## EXERCISE OBJECTIVE
Apart from the pictures, every entry below must be given again exactly.

## SOURCE MATERIAL
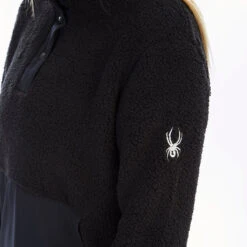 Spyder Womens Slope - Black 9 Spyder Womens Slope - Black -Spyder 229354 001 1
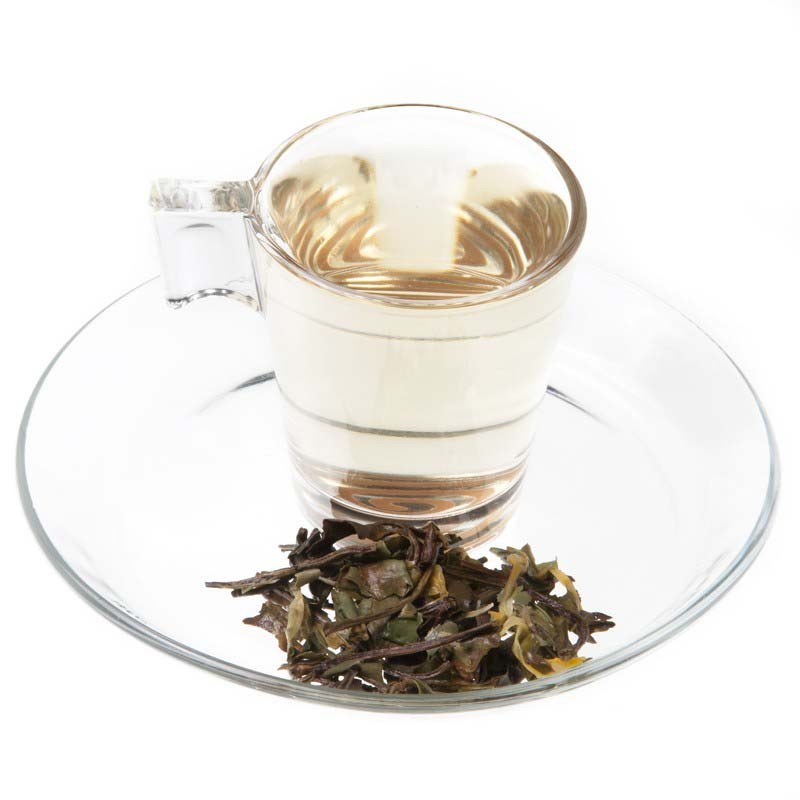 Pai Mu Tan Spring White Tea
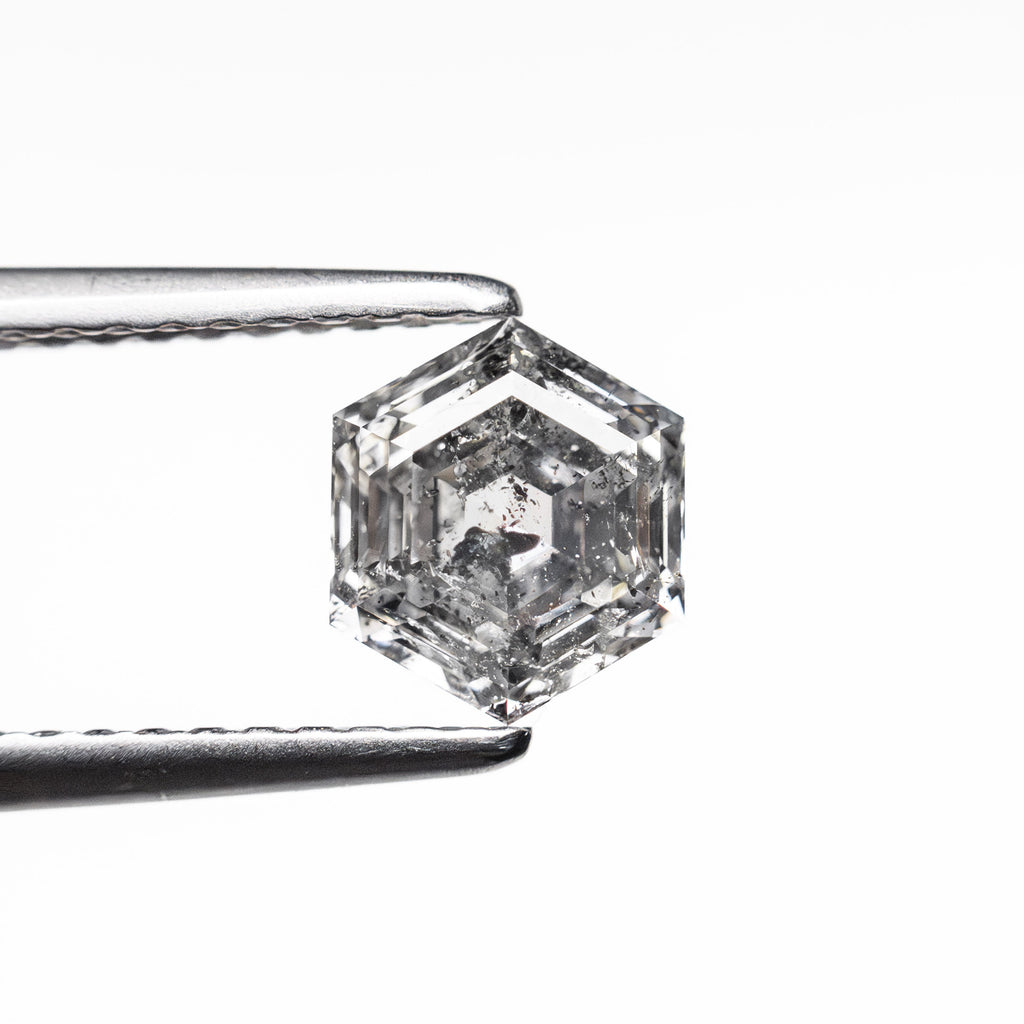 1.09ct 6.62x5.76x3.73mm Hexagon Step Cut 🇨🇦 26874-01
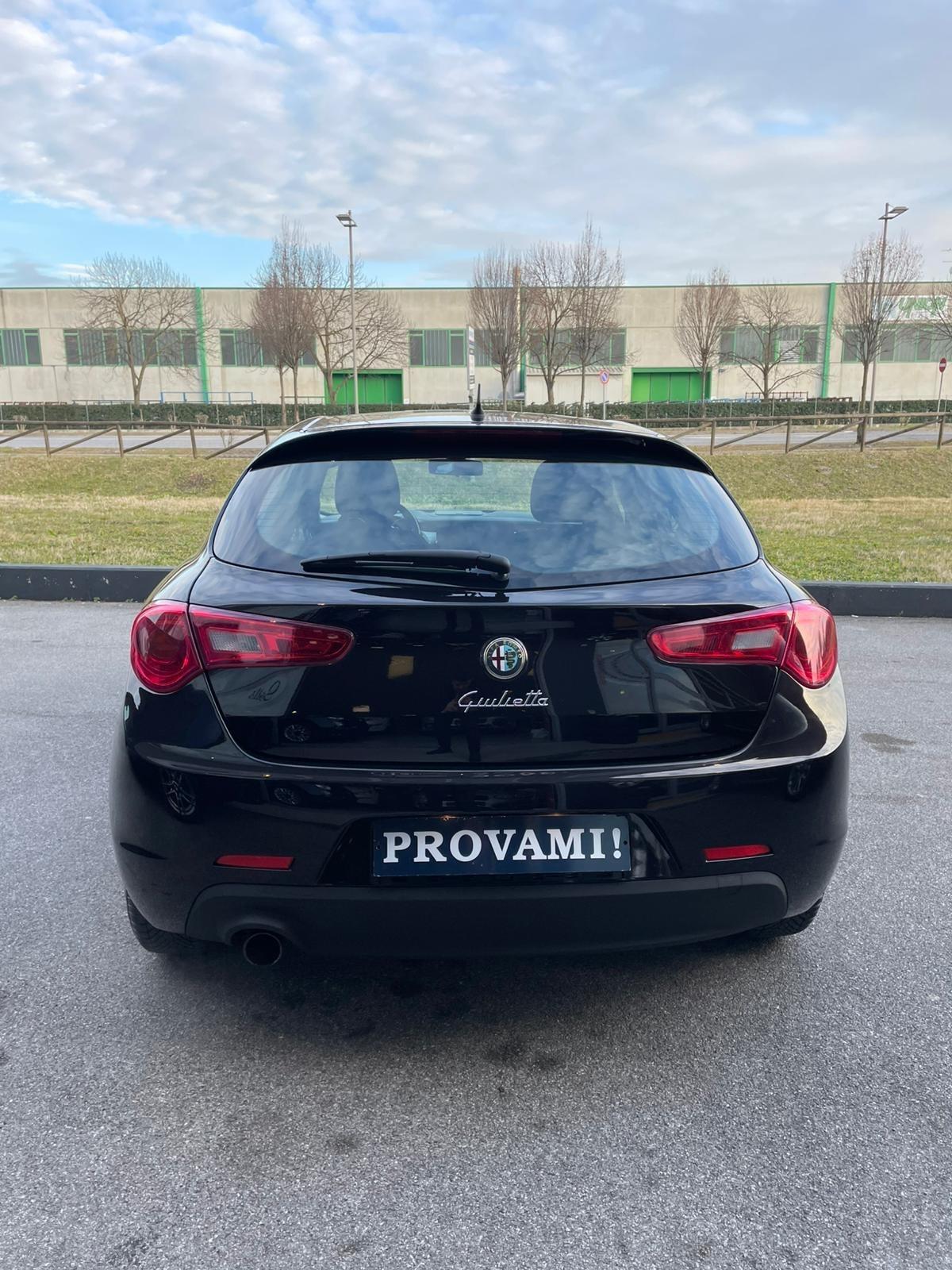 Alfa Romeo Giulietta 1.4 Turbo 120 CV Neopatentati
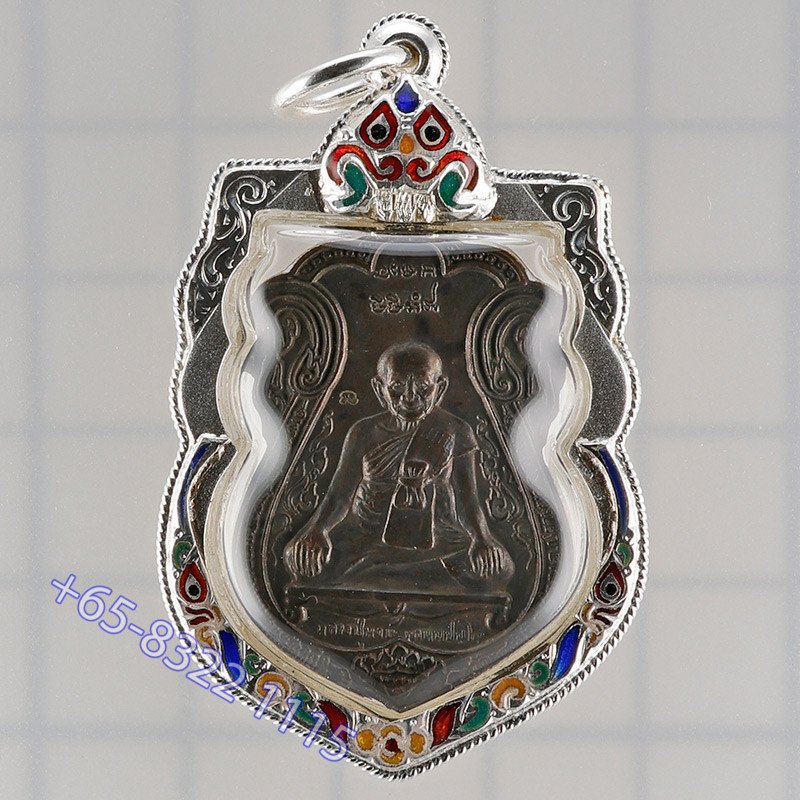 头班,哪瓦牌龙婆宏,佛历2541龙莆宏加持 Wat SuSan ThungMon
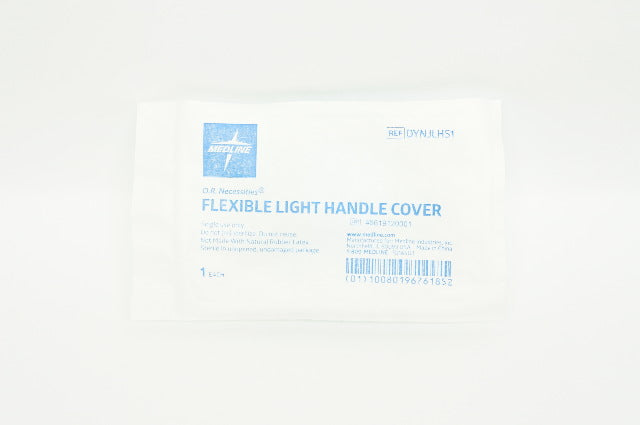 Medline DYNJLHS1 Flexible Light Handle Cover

## COMPLETED EXERCISE
 Spyder Womens Slope - Black 9 Spyder Womens Slope - Black -Spyder 229354 001 1
 Pai Mu Tan Spring White Tea
 1.09ct 6.62x5.76x3.73mm Hexagon Step Cut 🇨🇦 26874-01
 Alfa Romeo Giulietta 1.4 Turbo 120 CV Neopatentati
 头班,哪瓦牌龙婆宏,佛历2541龙莆宏加持 Wat SuSan ThungMon
 Medline DYNJLHS1 Flexible Light Handle Cover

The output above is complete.